İyiliğe ve kötülüğe eğilim, her insanda var olan eğilimlerdir. Gerçekte insan iki seçenekle karşı karşıya bulunan tek mahluktur. Bu iki seçenekten biri iyiliğe yönelmek ve diğeri de kötülüğe yönelmektir.
İslam dininde insan ruhu ve nefsinin iyiliğe yönelmesi, nefsi Lavvameye bağlanır ve kötülüklere yönelmesinden nefsi emmare sorumlu tutulur. İslam dininde doğal olarak nefsi levvameyi takviye etmek önemlidir, ancak nefsi emmare ile mücadele etmek daha da önemlidir ve bu mücadele İslam kültüründe nefisle cihat etme şeklinde adlandırılır.
Nefisle cihat etmek ve kötülüklerden arınmak çok önemli bir ameldir. İslam İnkılabı Lideri Ayetullah Hamanei bu konuda şöyle buyurur: İslam dininde alemi ıslah etmekte temel nokta ve eksen, insani nefsi ıslah etmektir. Nitekim her şey bu noktadan başlar.

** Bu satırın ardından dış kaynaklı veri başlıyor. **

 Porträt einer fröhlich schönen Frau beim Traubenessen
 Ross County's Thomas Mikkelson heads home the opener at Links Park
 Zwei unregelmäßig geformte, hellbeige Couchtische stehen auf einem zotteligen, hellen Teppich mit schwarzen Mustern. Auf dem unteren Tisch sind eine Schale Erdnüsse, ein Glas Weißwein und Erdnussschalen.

İslam İnkılabı Lideri Ayetullah Hamanei insanlarda var olan ve onları kötülüklere doğru sürüklemeye çalışan asi nefsi da şöyle açıklıyor: İnsan nefsi bir dizi insani içgüdülerden ibarettir ve doğru biçimde kontrol altına alındığında ve doğru yolda kullanılarak doğru amellerle sonuçlandığında insanı kemale erdirir. Her insan kendi içinde asi bir nefsi vardır. Bu asi nefis adeta sarhoş bir fil gibidir. Eğer sürekli onun başına vurur ve kontrol altında tutarsanız size hiç bir zararı dokunmaz ve davranışları kontrol altına alınır ve bu insani nefis, sizin ilerlemenize ve gelişmenize vesile olur.
İslam Peygamberi –s– bir hadiste asi nefsin insanları kötülüğe sürükleyen en önemli etken şeklinde açıklıyor.

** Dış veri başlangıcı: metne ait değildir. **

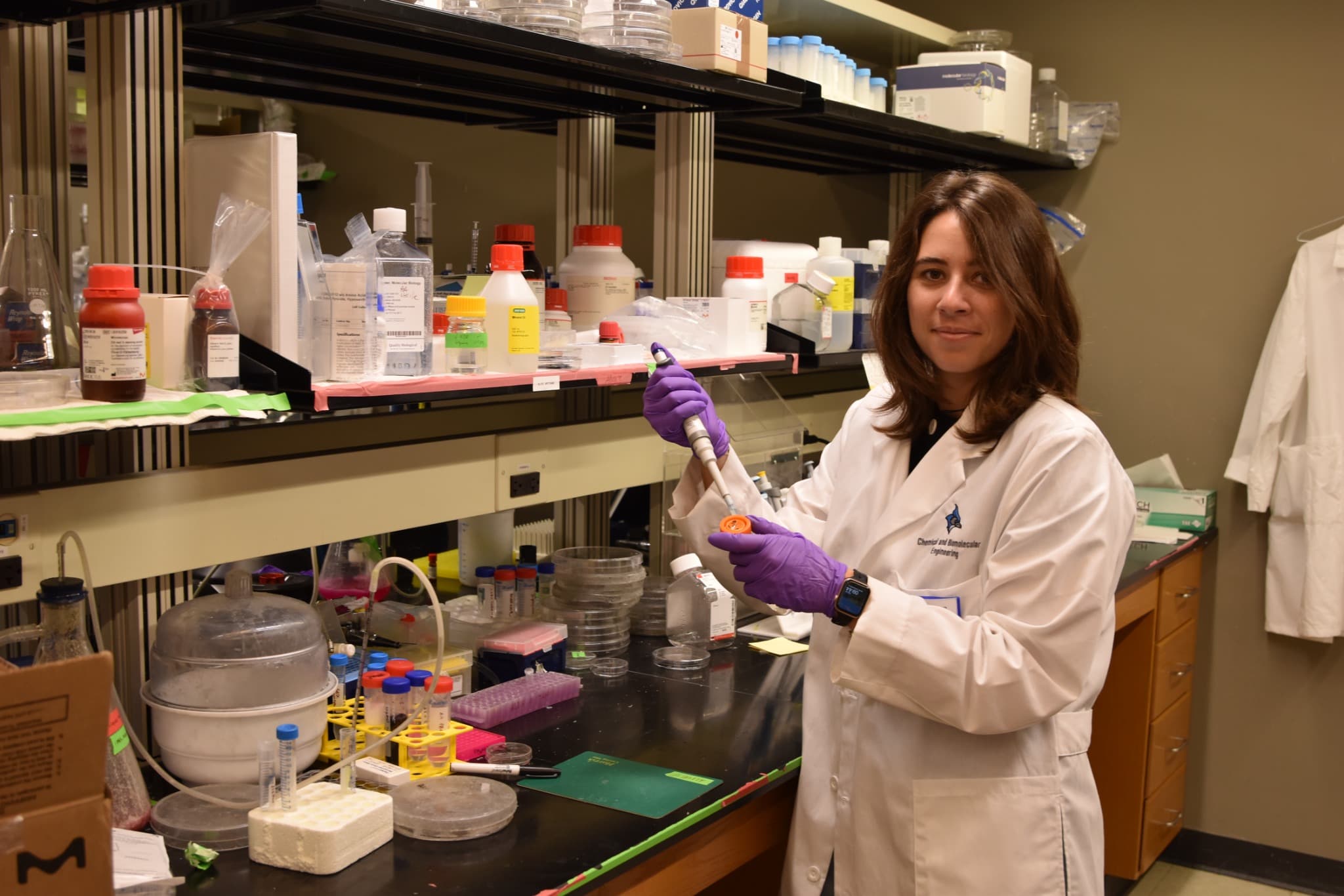 Alice Amitrano working at a laboratory bench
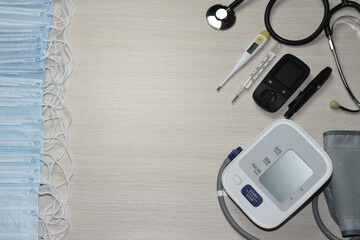 On a light beige background are medical masks, a tonometer, electronic and mercury thermometers, a glucose meter with a Lancet, and a stethoscope.
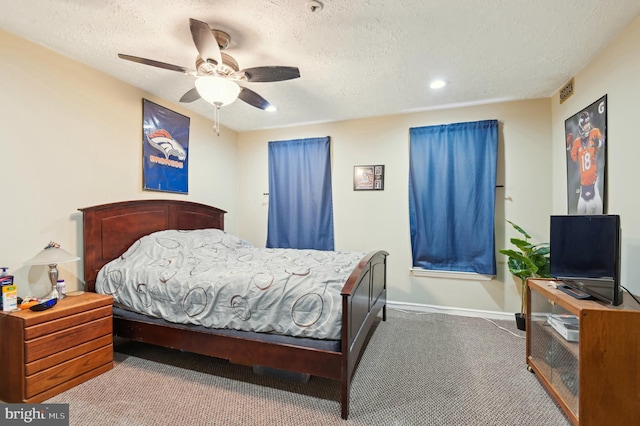 carpeted bedroom with a ceiling fan, baseboards, visible vents, and a textured ceiling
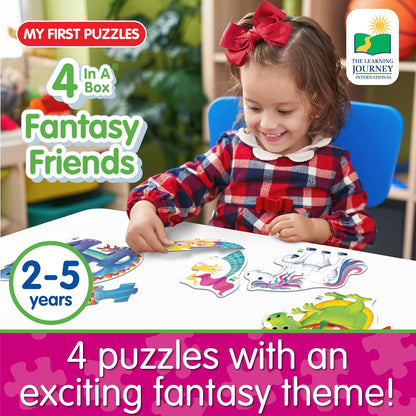 Happy child playing with four colorful fantasy puzzles (dragon, unicorn, mermaid)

Evet, her insanın içinde en büyük düşmanı pusudadır ve bu düşman nefsi emmare ve şehvet ve bencillik ve egoistlik duygularından ibarettir. Ne zaman bu zehirli yılanı ve öldürücü düşmanı ezerek yerine oturtabilirsek o zaman başarılı olur ve saadete kavuşur ve her türlü kötülüğe karşı direnebiliriz. Ancak ne zaman bu düşman başını kaldırır ve içimizdeki manevi gücü ve rahmani nefsi ve aklımızı ezerek kendi etkisi altına alacak olursa, o zaman biz durgunluk içinde veya gerileme sürecindeyiz demektir.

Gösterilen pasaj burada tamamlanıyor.